Stratégie du retardement

Du côté flamand, les choses se corsent. La ministre de l’Énergie (Zuhal Demir), le ministre des Finances (Matthias Diependaele), le ministre-Président (Jan Jambon) et la ministre de la Mobilité (Lydia Peeters) nous ont tous demandé de spécifier notre requête. Nous avons eu des difficultés à comprendre cette démarche étant donné que nous avions identifié une petite dizaine d’acteurs qui nous intéressaient, ainsi qu’une vingtaine de sujets très spécifiques voir notre demande originale ici). Au final, nos demandes ont été rejetées, comme étant « manifestement déraisonnables ». La commission d’appel leur a donné raison. Nous avons donc introduit une deuxième demande, laissant le choix des documents  aux ministres: nous avons supprimé les sujets spécifiques pour ne demander que les documents qu’ils pourraient qualifier comme relevant de l’information environnementale. Là aussi, les ministres ont rejeté nos demandes. Et, à nouveau, la commission d’appel leur a donné raison, estimant notre première requête trop détaillée, tandis que la deuxième serait trop vague.

Un par un

Nous avons également scindé nos demandes : nous introduisons désormais chaque semaine une demande spécifique, avec un seul acteur en jeu. Nous espérons que les ministres comprendront mieux de cette manière ce que nous attendons d’eux. Un dossier qui devait à l’origine se clôturer le 15 septembre est dès lors repoussé à la mi-mars (le temps d’introduire toutes nos demandes séparément). Et ceci seulement si les ministres répondent favorablement. S’ils continuent les jeux de refus et que nous devons aller en appel, nous en avons jusqu’en mai. 

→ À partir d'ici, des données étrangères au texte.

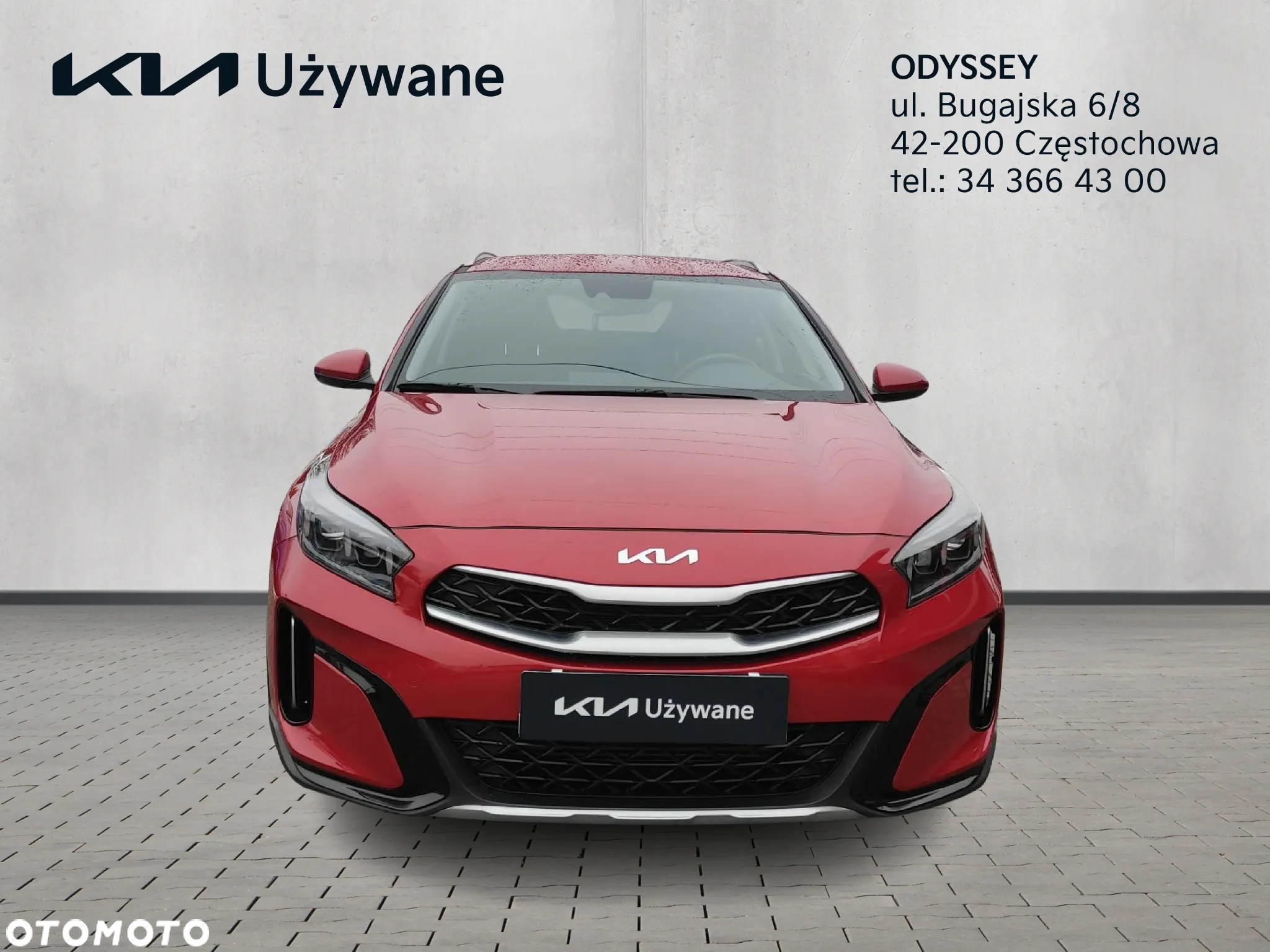 Kia XCeed 1.5 T-GDI M DCT - 8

Le Conseil d’État – Une bataille de principes

Forts de la conviction que nos demandes n’ont rien d’excessif et qu’elles sont essentielles pour cerner enfin les liens entre l’une des industries les plus polluantes et les instances dirigeantes de notre pays, nous avons décidé de porter nos dossiers rejetés par les commissions d’appel flamande et wallonne au Conseil d’État, seul organe susceptible de casser la décision des commissions de recours. La procédure peut toutefois durer un à deux ans.

Mais nous restons déterminés. La transparence et l’accès à l’information environnementale sont des valeurs chères à Greenpeace. Notre projet s’est aujourd’hui transformé en bataille pour ces principes : nous voulons voir jusqu’où ces ministres sont prêts à aller pour nous refuser l’accès à des documents essentiels pour comprendre leurs liens avec l’une des industries les plus polluantes. C’est aussi une manière de voir jusqu’où vont les limites de l’accès à l’information en Belgique.